▶ **PROBLEM STATEMENT**: Apart from the pictures, print the data below exactly as given.

Stored items from a collection

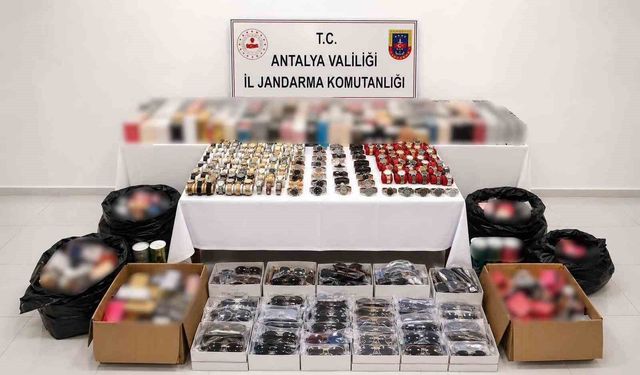 Manavgat'ta 4 milyon 350 bin liralık gümrük kaçağı ürün ele geçirildi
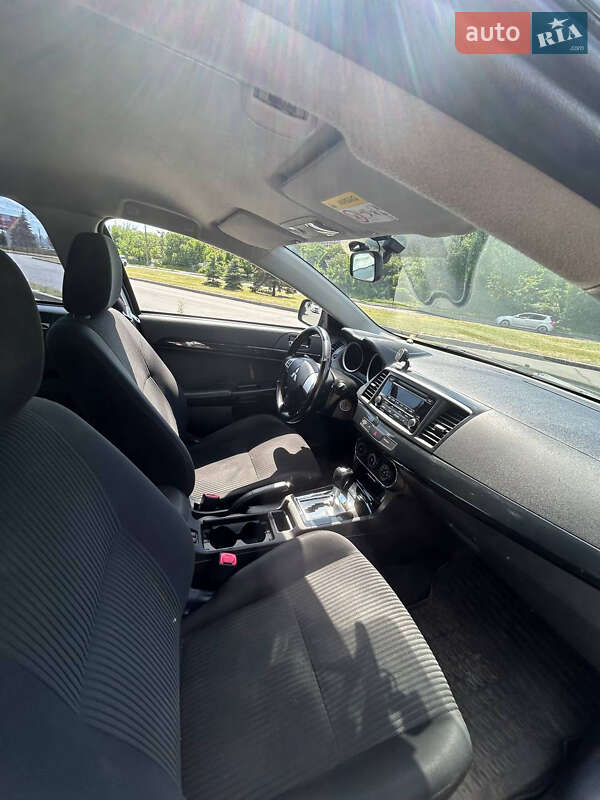 Седан Mitsubishi Lancer 2014 в Дніпрі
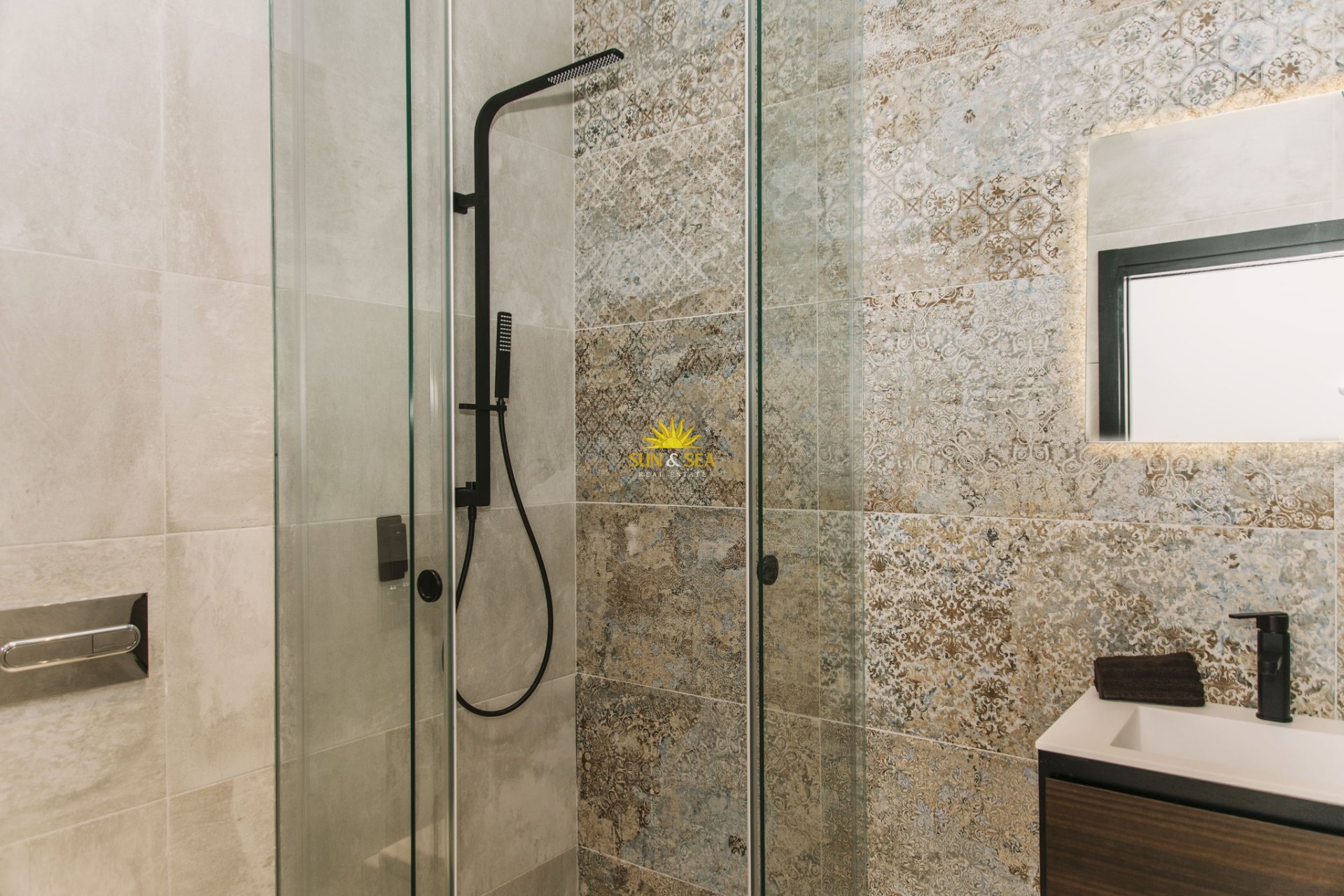 Obra nueva - Chalet - Rojales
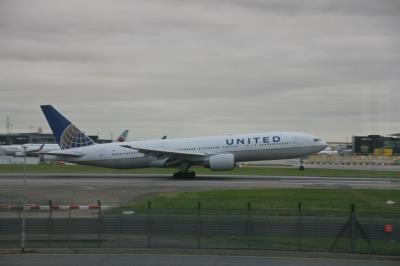 Photo of aircraft N786UA operated by United Airlines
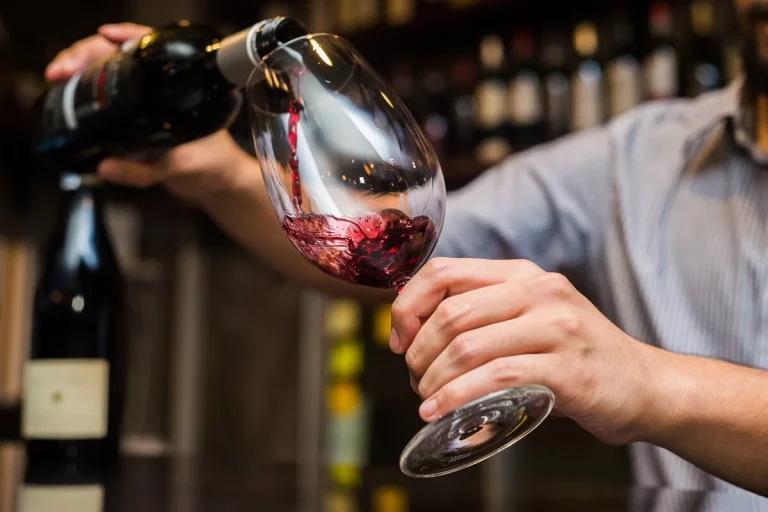 El vino español se blinda ante los aranceles de Trump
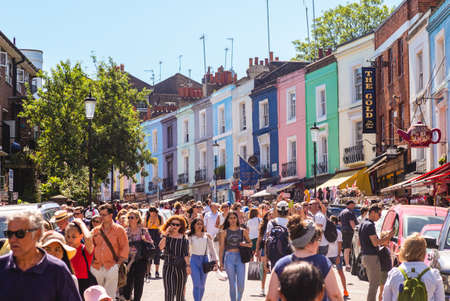 June 30, 2018: Portobello Road Market, the worlds largest antiques market located at hotting hill, london, UK, with over 1500 stalls selling every kind of antique and collectibleのeditorial素材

▶ **THE COMPLETED TASK**:
 Manavgat'ta 4 milyon 350 bin liralık gümrük kaçağı ürün ele geçirildi
 Седан Mitsubishi Lancer 2014 в Дніпрі
 Obra nueva - Chalet - Rojales
 Photo of aircraft N786UA operated by United Airlines
 El vino español se blinda ante los aranceles de Trump
 June 30, 2018: Portobello Road Market, the worlds largest antiques market located at hotting hill, london, UK, with over 1500 stalls selling every kind of antique and collectibleのeditorial素材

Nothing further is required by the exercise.